I guess Al Gore’s Temple of Earth Worship doesn’t stress tithing.
His federal tax return, released this week, shows Mr. Compassion gave all of $353 to charity in 1997. That’s not a typo or misplaced decimal point, friends — $353.00.
There’s no mistake, either. Al and Tipper don’t say they donated more to charity and are just not claiming a deduction. They actually have an explanation for their lack of largesse. They didn’t make enough money last year.
How much did they make? $197,729.
Now, depending on how you interpret the scriptures that guide giving for Christians and Jews, the Gores should have contributed somewhere between $15,000 and $20,000, based on 10 percent of their net or gross incomes. That’s some disparity. Even taking the low figure, $15,000, the Gores stiffed their favorite charities to the tune of $14,647. Just think of all the trees that could have been saved.
In fairness to the Gores, they point out that the previous year they gave away a whopping $35,530. But those dollars represented the proceeds from Mrs. Gore’s book, “Picture This.”
“This year, the Gores did not have a similar source of income and the charitable contributions reflect that change,” explained spokesman Chris Lehane. Al’s “Earth in the Balance,” the couple points out, only brought in $2,650 in royalties in 1997. I guess they needed that money for household expenses.
They’ll give when they have it. Things are tight, right now, for the second couple. They’re barely making ends meet. The poor? Let them eat cake.
Keep in mind, every cent of what the Gores earned last year — save the paltry book royalties — came out of my pocket and yours. They are all tax dollars, all money received from the public dole. The tax money they “paid” was actually money they returned to the U.S. Treasury from whence it came. They didn’t produce anything for that money — except a lot of hot air about global warming, reinventing government and excuses about the lack of any “controlling legal authority” governing his campaign fund-raising calls made on government time, government phones and within government buildings.
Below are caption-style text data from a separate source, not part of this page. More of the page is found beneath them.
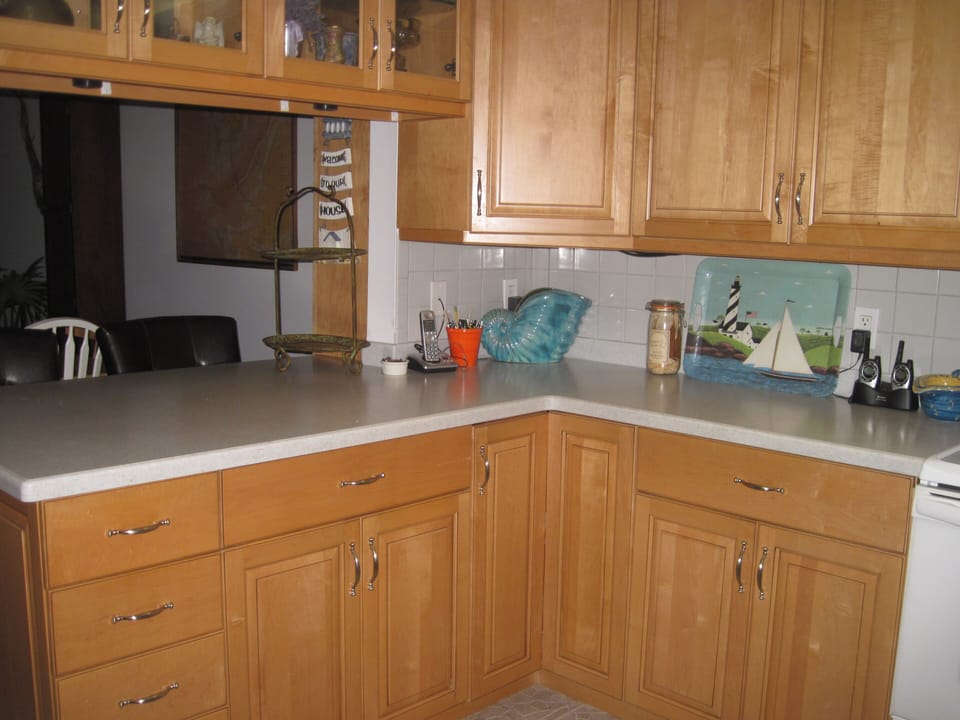 Another view of the completely stocked kitchen - everything you could wish for!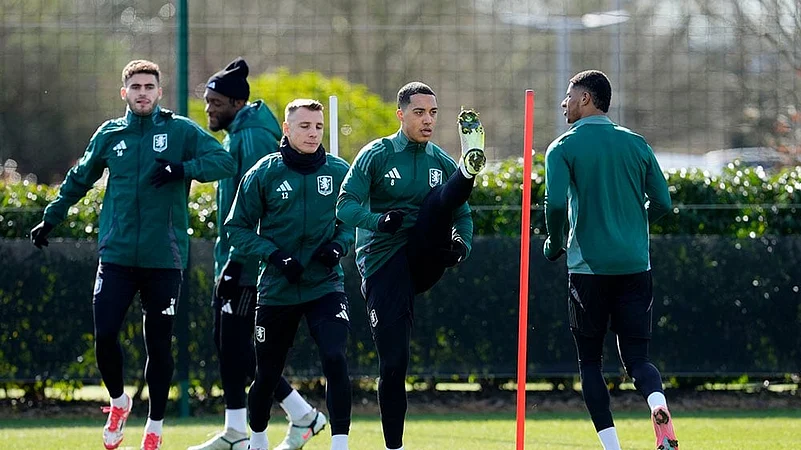 UEFA Champions League Round Of 16, Aston Villa players during a training session_1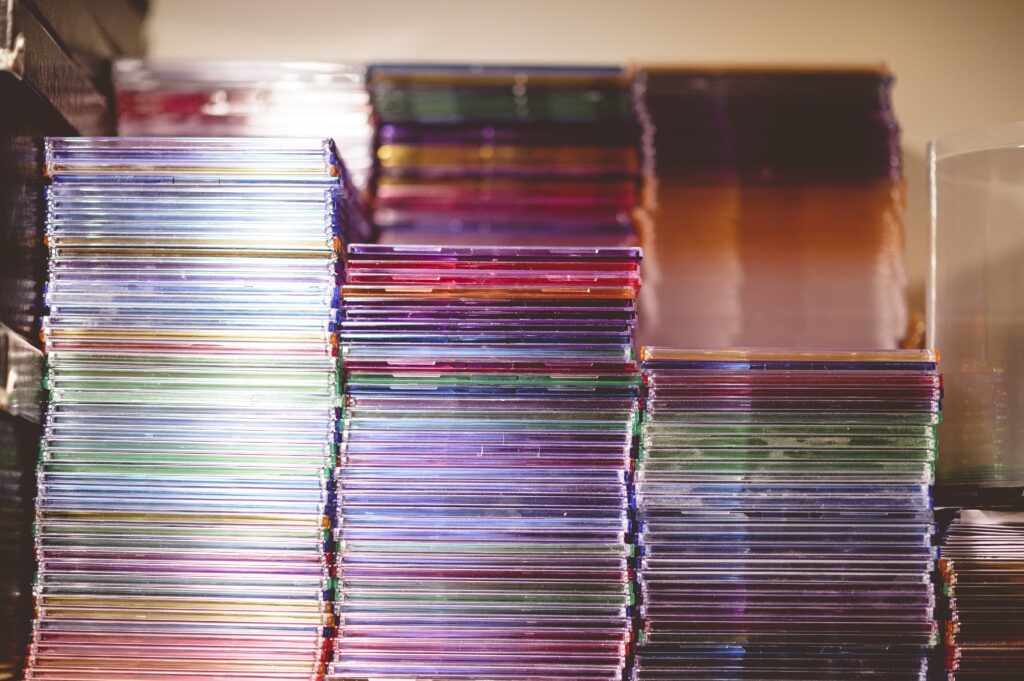 Drei Stapel voller CDs fotografiert bei verschwommenem Licht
Let’s also remember that the Gores’ housing is free, at least to them. Once again, we pay the enormous tab for that — as well as for their food, chauffeur, auto expenses, domestic help, entertainment expenses, travel, etc. In other words, they have no bills, thanks to the taxpayers. We pay it all — the works, everything but their kids’ birthday presents. Nevertheless, the Gores took advantage of the tax code and depreciated the properties they do own in Virginia and Tennessee.
To put this miserly expression in perspective, you need to know that the Gores paid $4,500 for the preparation of their highly complex 30-page tax return — one which allowed them to take advantage of every loophole permitted under the law. In other words, to the Gores, their accountant is more important than their church and all their favorite charities combined — in fact, more than 10 times as important.
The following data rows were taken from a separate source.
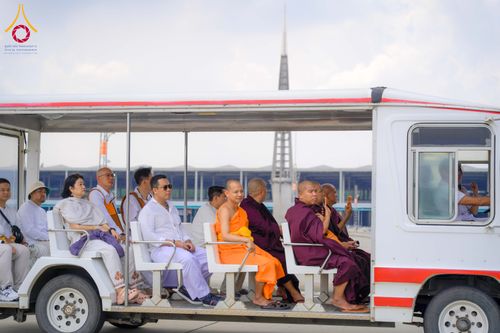 ภาพ No.327693:วันที่ 1-6 พฤษภาคม พ.ศ.2569 ต้อนรับชาวต่างชาติ พระภิกษุ คณะชาวเมียนมาร์  อุบาสิกาชาวอินเดีย เยี่ยมชมวัดพระธรรมกายและสักการะพระมหาธรรมกายเจดีย์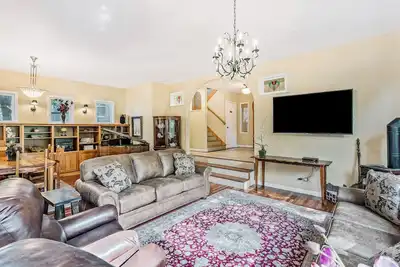 Image de Walkable downtown villa with mountain/resort-view balconies, grills, & fireplace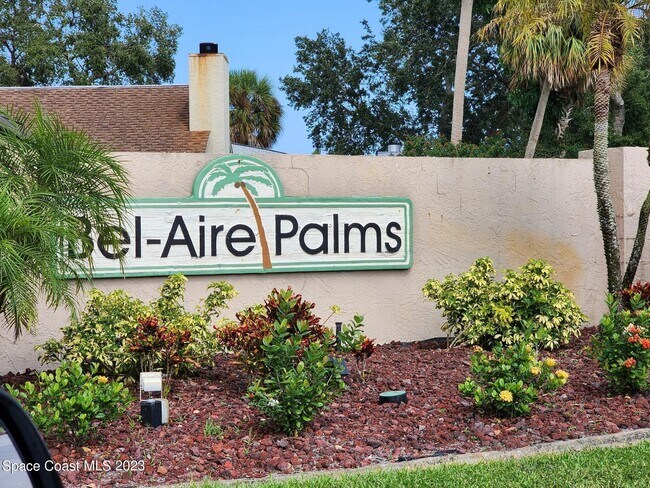 Building Photo - 708 Fishtail Palm Blvd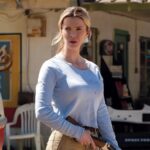 Betty Gilpin Biography Early Life, Career, Net Worth & More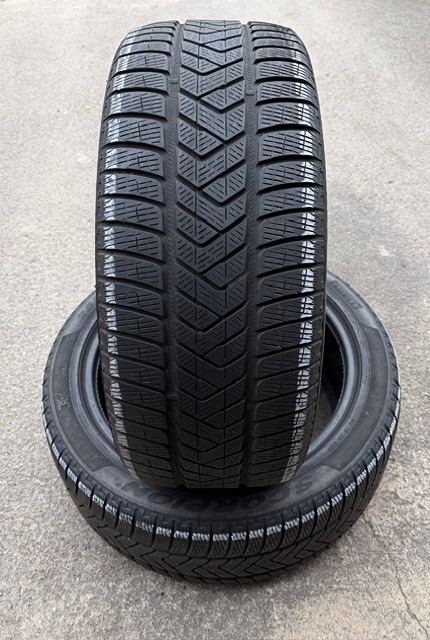 Pirelli 255/45/R20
That brings us to the amount actually paid in federal taxes by the Gores. It represents about 24 percent of their income. That’s far less than I paid, and I earned less last year than the Gores. So, while Gore is a proponent of a “progressive” income tax in theory, he doesn’t think it should apply to him and his family.
Remember, Al Gore was the guy who, a few years back, suggested that anyone who earned $200,000 a year or more should be taxed as a “millionaire,” because in five years, they would have earned a million dollars. By that logic, why isn’t Al Gore paying taxes at the highest rate? Isn’t he, by his own definition, part of the millionaire’s club?
In fact, he is. Al Gore comes from a very wealthy family. He stands to inherit a fortune earned thanks to a cozy political partnership between his father and Armand Hammer, the late gazillionaire who made his money by bedding down with a long line of Soviet dictators starting with Lenin. So this idea of redistributing other peoples’ money, not their own, is something of a family tradition among the Gores. You might say it’s in the blood.
What’s really remarkable about this tax return, though, is that the Gores knew it would be made public. They aren’t ashamed of it. This is their giving pattern when they know the world’s eyes are upon them. You can imagine what they would do with their money if they were in private life and their returns secret. That $353 would probably be invested with Hillary Clinton’s cattle futures speculator.
$353. That’s $6.78 a week. That’s 97 cents a day. It’s astonishing. And it speaks volumes about the character of our vice president.